Landras ou castanhas



Non quod est in actis, non est in hoc mundo

A História, como disciplina humana, assenta o conhecimento do passado nos textos escritos. Mas os registos escritos nem sempre são completamente fiáveis e, por vezes, a penas contam o que o “escribidor” quer.

Aliás, para iluminar os ámbitos escuros do passado, para os quais carecemos de consignações escritas (pré- e proto-história), hemos acudir a outras disciplinas como a Arqueologia, a Botânica, a Química... E mesmo a áreas de saber consideradas pouco fiáveis como as lendas e os mitos. Infelizmente, com frequência estas disciplinas são ignoradas para se centrar exclusivamente nos registos escritos. E esta reverência polas fontes escritas converte aos Romanos nos “pais” de todos os logros da civilização occidental. Todo, todo o que não esteja registado por escrito, não existe… nem existiu antes. E o mais grave é que essa citação pode chegar a converter-se no alicerce duma hipótese que se transmuta em verdade irrefutável, a base de ser repetida.

Existem dezenas, centos de casos desta sorte. Eu vou-me centrar num concreto: A afirmação de Strabo sobre a dieta dos montanheses do noroeste da Hispania que comiam landras ou bolotas.

Aplicando o princípio dos textos como fonte histórica, vejamos, pois, o texto:

οἱ δ᾽ ὄρειοι τὰ δύο μέρη τοῦ ἔτους δρυοβαλάνῳ χρῶνται ξηράναντες καὶ κόψαντες, ... χρῶνται δὲ καὶ ζύθει [Strabo livro 3, cap.3, 7. Texto tirado de Perseus Project]

Tradução destes treitos da Geografia: … os montanheses dispõem de castanha (dryobalano), secando-a e golpeando-a, dous terços do ano … Dispõem também de cerveja (literalmente fermento de cevada).

O quid da questão, para além doutros assuntos secundários como o da cerveja ao que voltarei, é o nome do alimento que os montanheses tomam, isto é “dryobalano”, traducido invariavelmente por “bolotas” ou “landras”. Eu proponho o termo “castanha”, baseando-me na análise que segue.

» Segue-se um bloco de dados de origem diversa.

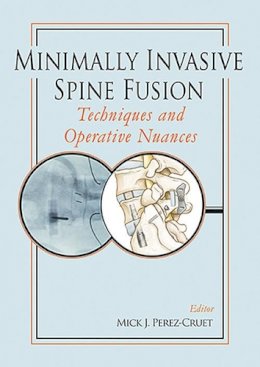Mick J. Perez-Cruet - Minimally Invasive Spine Fusion: Techniques and Operative Nuances - 9781626235694 - V9781626235694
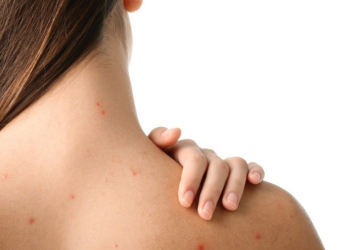 Прыщи на спине, изображение из свободных источников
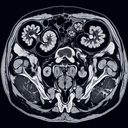 МРТ малого тазу у чоловіків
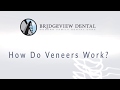 Bridgeview Dental in west Austin offers porcelain veneers. Call to book a consultation with top rated dentist Dr. Lance Loveless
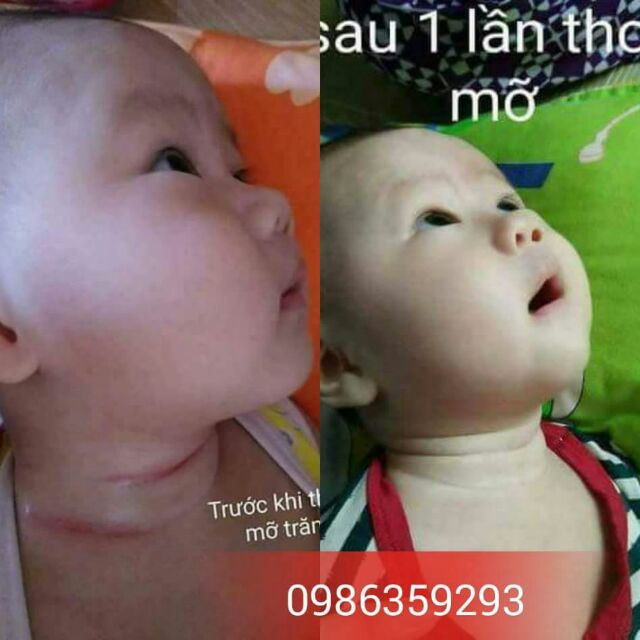 Mỡ trăn nguyên chất dạng hũ | BigBuy360 - bigbuy360.vn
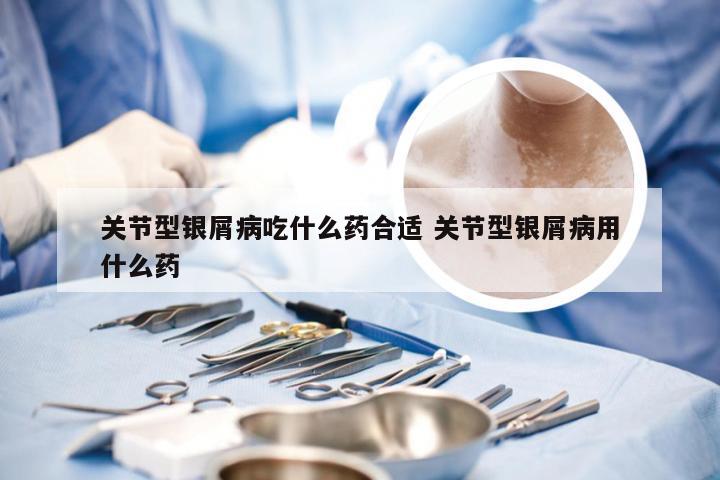 关节型银屑病吃什么药合适 关节型银屑病用什么药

Este termo grego (δρυοβαλάνῳ, em dativo), segundo o dicionário de grego clássico Bailly, está apenas testemunhado nesta passagem da obra de Strabo Geografia. O autor do dicionário dá-lhe o significado de gland de chêne, landra ou bolota de azinheira. Convém lembrar que os significados das palavras escassamente testemunhadas nos textos antigos, e não tão antigos, são altamente conjecturais, tirados a partir do contexto, literário ou cultural. Uma inadequada interpretação do contexto pode levar a um significado inapropriado. Isto é o que acontece neste caso.

A palavra δρυοβαλάνος (em nominativo) está composta de dous termos. O primeiro, “drys” que significa árvore, na primeira (e geral) acepção, e azinheira, na segunda acepção. O segundo termo, “bálanos”, com o significado de glande na primeira acepção e, por analogia 1: datte (tâmara); e 2. “Διóς βάλανος” chataigne (castanha). A seguir dá-lhe os significados doutros seres (peixes) ou objectos com aspecto de glande.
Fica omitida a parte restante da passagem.